Lors de la troisième conférence Babacar Ndiaye, organisée par la Banque africaine d'import-export (Afreximbank) en marge des réunions annuelles du Groupe de la Banque mondiale et du Fonds monétaire international, le général Ward a déclaré que la corruption et les abus de pouvoir dans le secteur de la sécurité pourrait devenir des obstacles non tarifaires au commerce et au succès de la zone de libre échange continenal (Zlecaf).

Pour cet officier général, «la réforme du secteur de la sécurité, en particulier dans les pays confrontés à des conflits ou à de graves problèmes de sécurité, est un élément essentiel de la gestion des conflits, de la paix et de la sécurité et peut créer un environnement sûr et stable pour la croissance politique et économique», a-t-il déclaré aux invités.

Le général Ward a également souligné l'importance du respect de la règle de droit dans la mise en œuvre de la Zlecaf, ajoutant que cela donnerait aux commerçants et aux investisseurs la confiance nécessaire pour s'engager dans des échanges transfrontaliers, sachant que les engagements juridiques pris par les pays seraient contraignants.

Le général Ward a également souligné l'importance du respect de la règle de droit dans la mise en œuvre de la ZLEA, ajoutant que cela donnerait aux commerçants et aux investisseurs la confiance nécessaire pour s'engager dans des échanges transfrontaliers, sachant que les engagements juridiques pris par les pays seraient contraignants.

Le Professeur Oramah a salué la vision du Dr. Babacar Ndiaye consistant à identifier et à travailler sans relâche à la mise en place d'institutions, telles que Afreximbank, en tant qu'instruments stratégiques pour accélérer le développement économique en Afrique.

« Comprendre les sources et les causes des conflits et de l'insécurité est donc important pour créer un bouclier de protection contre les crises et les épisodes de guerre qui ont amplifié la perception du risque en Afrique », a-t-il déclaré.

Pour lui, ces perceptions ont augmenté les coûts et compromis les perspectives d'investissement à long terme et d'intégration régionale en Afrique.

Il a relevé que depuis sa création, Afreximbank a déboursé plus de 60 milliards de dollars pour soutenir le commerce africain et a attiré environ 70 milliards de dollars dans des secteurs stratégiques de l'économie africaine utilisant divers instruments.

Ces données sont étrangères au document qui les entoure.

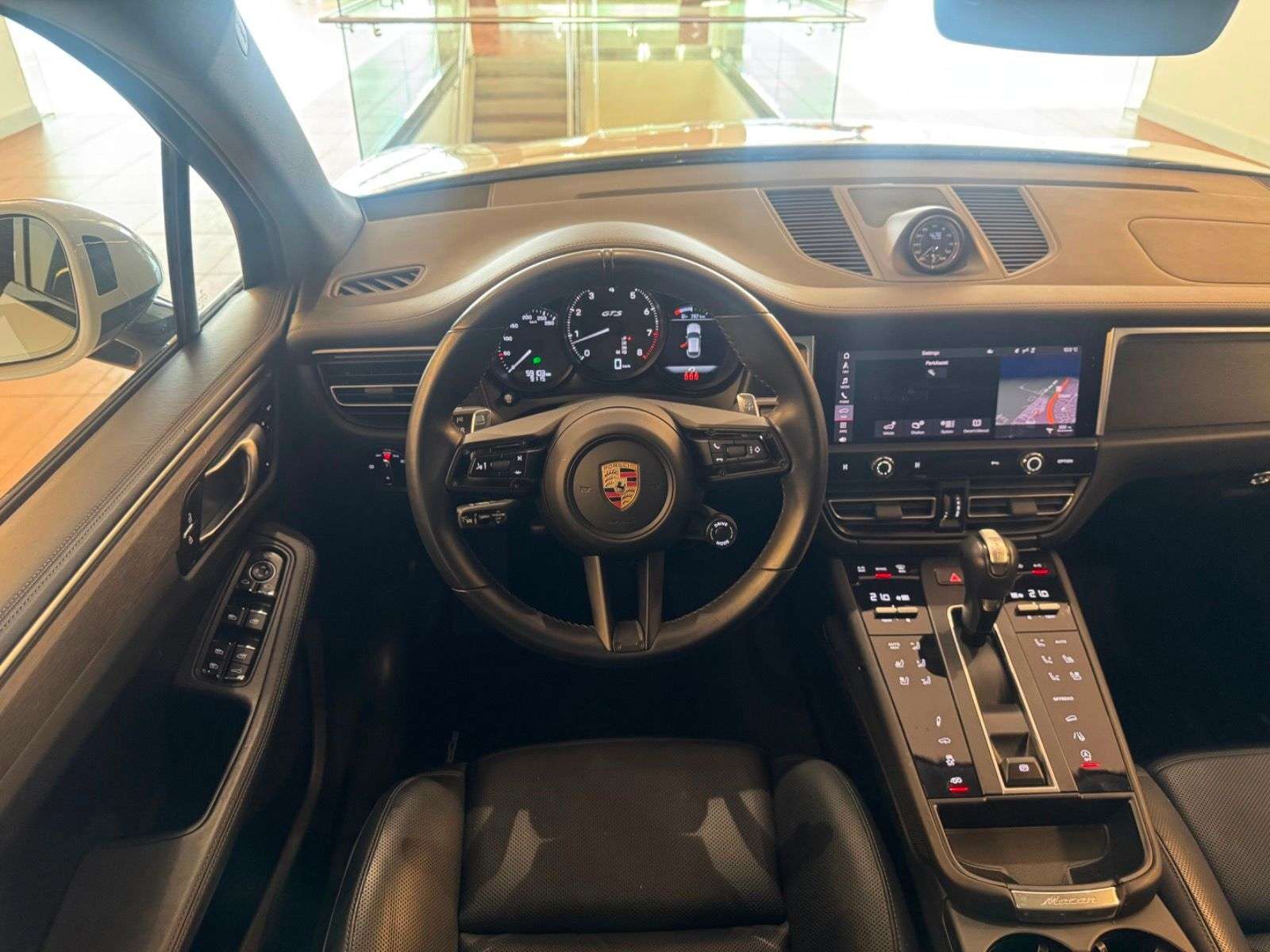 2023 Porsche Macan | LOW KMS, CLEAN HISTORY, ONE OWNER alt 2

« Grâce aux efforts d'Afreximbank, de nombreux entrepreneurs africains sont maintenant en mesure de remporter et d'exécuter de grands projets du secteur public sur l'ensemble du continent.», a-t-il poursuivi.

Il faut rappeler qu'en 26 ans, la Banque africaine d'importation-export, la Banque de financement du commerce extérieur pour l'Afrique, est devenue un instrument important dans la quête du développement de l'Afrique et de son intégration effective dans l'économie mondiale, telle que l'avait imaginé le Dr Ndiaye; il est intervenu pour corriger les défaillances du marché; combler les lacunes en matière de financement du commerce lorsque les marchés paniquent et être un partenaire de choix des banques internationales méfiant des risques africains.

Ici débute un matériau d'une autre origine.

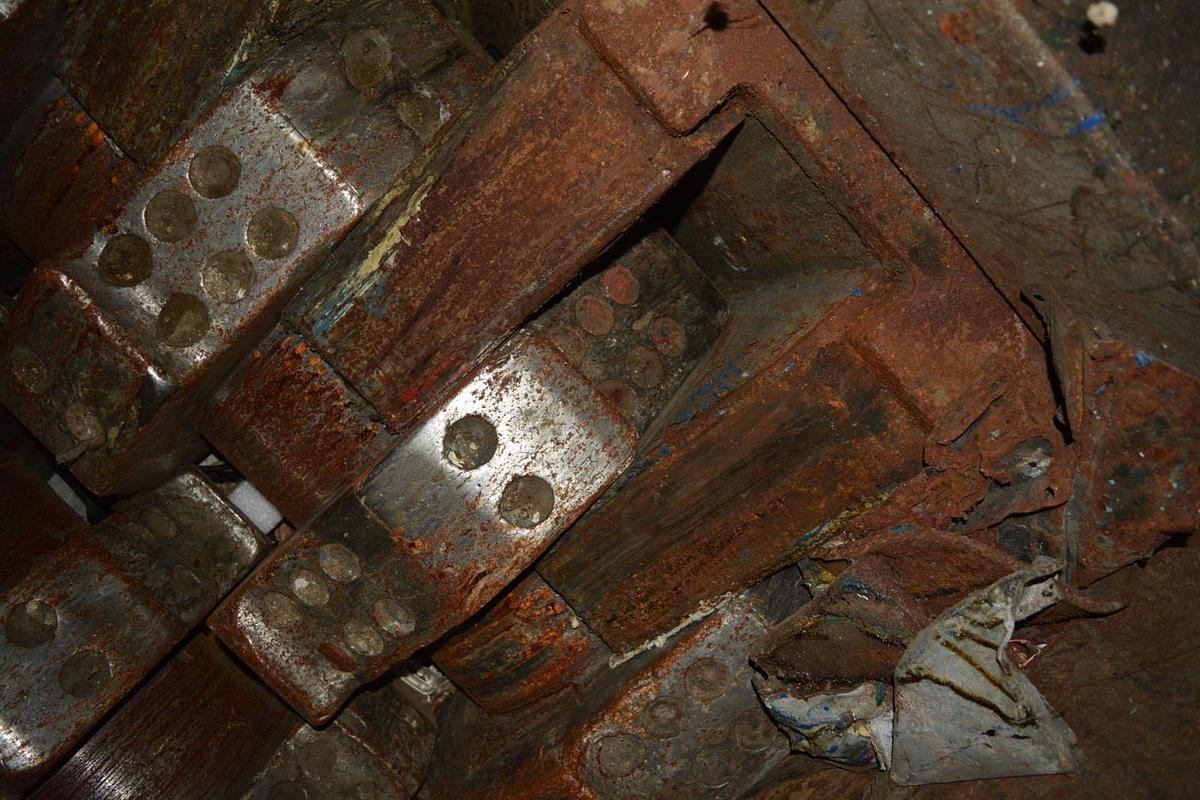 Used 2008 CFI BF 3008 Industrial Twin-shaft Shredder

La docteure Leila Ndiaye, fille du docteur Ndiaye, a lu un hommage à son père. La série de conférences Babacar Ndiaye reconnaît et immortalise M. Ndiaye, président de la Banque africaine de développement de 1985 à 1995, pour ses nombreuses contributions importantes au développement économique de l'Afrique, en particulier son rôle essentiel dans la création d'Afreximbank.